Business Valuations and Fairness Opinions are used to initially independently determine if an ESOP is feasible for a company, and subsequently to establish the worth of a company for ESOP purposes.
- Qualified Plan governed by ERISA.
- Required to be invested primarily in the sponsoring employer securities.
- May be used as a corporate finance technique.
- Often used as an exit strategy for a retiring shareholder.
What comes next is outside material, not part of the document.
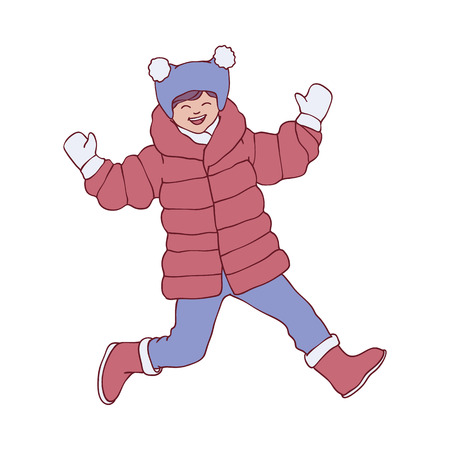 Vector sketch cheerful adult woman in warm winter or autumn clothing - jacket or coat, scarf, hat and boots having fun laughing outdoors. Female character with positive emotiongsのイラスト素材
The ability for the ESOP to incur debt and the ability for the selling shareholder to reinvest the proceeds on a tax deferred basis is very attractive.
- Creates a market for the stock of a closely held company and make the purchase of that stock a pretax (deductible) expense.
- IRC 1042
- Rollover – Allows the seller of stock to reinvest the proceeds from the sale in qualified replacement securities (conditioned on a sale of at least 30% of the company’s outstanding stock and that the reinvestment occur in the next 12 to 15 months).
- A bank or other lender funds the transaction in order to take advantage of IRC 1042.
- Must satisfy the Department of Labor and the Internal Revenue Service.
- ESOP specific considerations –
- Adequate consideration
- The effects of leverage and the treatment of debt
- Fair compensation
- Repurchase liability
- Mandatory put option
- Lack of marketability
- Control and minority interests
- Marketability issues
- Using non-voting shares
- Tax deductibility of ESOP contributions
In addition to the employee benefits for all employees, ESOPs are often regarded as the most effective and efficient method for business owners to transfer ownership of closely-held companies. [ESOP = (A) Tax deferred sale of company shares + (B) tax deductible principal loan repayment = (C) happy employees.]